Futuregrowth is part of the lender consortium, which is predominantly made up of the major local banks and development finance institutions, providing the project with inflation-linked debt. This debt enables the project to better match its debt repayments to the tariff received from generating electricity as both are linked to the Consumer Price Index (CPI).  As such, the project is better able to optimise its capital structure, thus enabling it to charge a lower energy tariff to Eskom.

The project

The Kathu project was awarded preferred bidder status in the Round 3 CSP bidding window of South Africa’s Renewable Energy Independent Power Producer Procurement Programme (REIPPPP). In order to be awarded this status, Kathu Solar Park had to be one of the 17 projects selected out of 93 bids submitted in the third bid window. Projects were evaluated on the basis of both tariff charged for energy generated and local content (procurement and employment).  

The project applies CSP technology – specifically, parabolic trough technology. This technology uses a field of curved mirrors which focus the sun’s heat onto a thin pipe with heat transfer oil running through it.

The oil is heated to over 350⁰C and this heat is used to create steam. This steam is used to generate power similarly to a typical thermal power plant using a steam turbine. In other words, the key difference between a coal fired power station and the parabolic trough CSP power station is the way in which the steam is produced; one from coal, the other from the sun.

Solar energy flow

Source: CSP World

Storage: The game changer

The Kathu plant, being a CSP plant, has a key feature that makes it unique compared to other renewable energy technologies - storage. The plant is able to generate power at maximum power output for 4.5 hours after the sun has set.
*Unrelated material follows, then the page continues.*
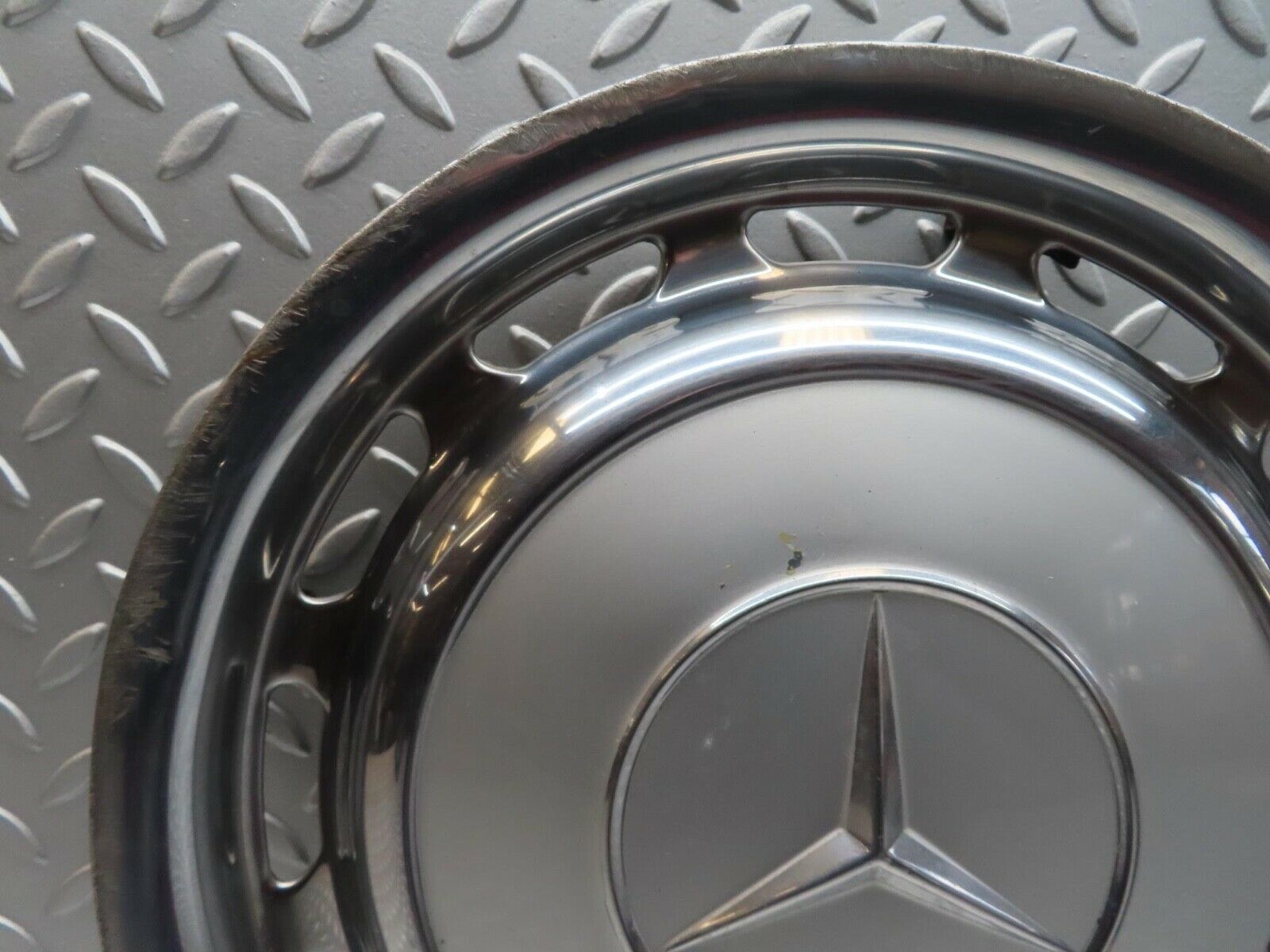 12404 Mercedes-Benz W108 280SE 3.5 Vintage Wheel Trim Hub Cap 14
This is achieved by heating up molten salt during daylight hours from 228⁰C “cold” salts up to 382⁰C hot salts. The salt is stored in thermal storage tanks which maintain the high temperature. After sunset, the plant uses the molten salt to generate steam instead of the heat transfer fluid.

CSP plants like Kathu address the major drawback to traditional renewable energy plants, namely timing. The intermittent nature of the wind and solar resource results in power being generated at a time when it is not necessarily required. For example, solar PV plants’ peak production is at noon while South Africa’s peak demand time is after 5pm. In order to “transfer” this energy generated to the peak demand time, a pump storage facility is required. But this comes at an additional cost that is not often factored in.

Through its built-in storage capacity, the Kathu project is able to produce at peak capacity during this peak demand time. In effect, the plant is able to bridge the gap between traditional renewable energy technologies (solar PV and wind) and “dirty” base load power such as coal. The Kathu project is able to generate electricity when the economy requires it and is able to do this in an environmentally sustainable way!

Alignment with pension funds

Investing in this project via an inflation-linked debt instrument gives our clients the advantage of protecting purchasing power while earning appropriate risk-adjusted returns. Given that the inflation outlook in South Africa in the medium term is around 6%, this remains an important consideration for our pension fund clients.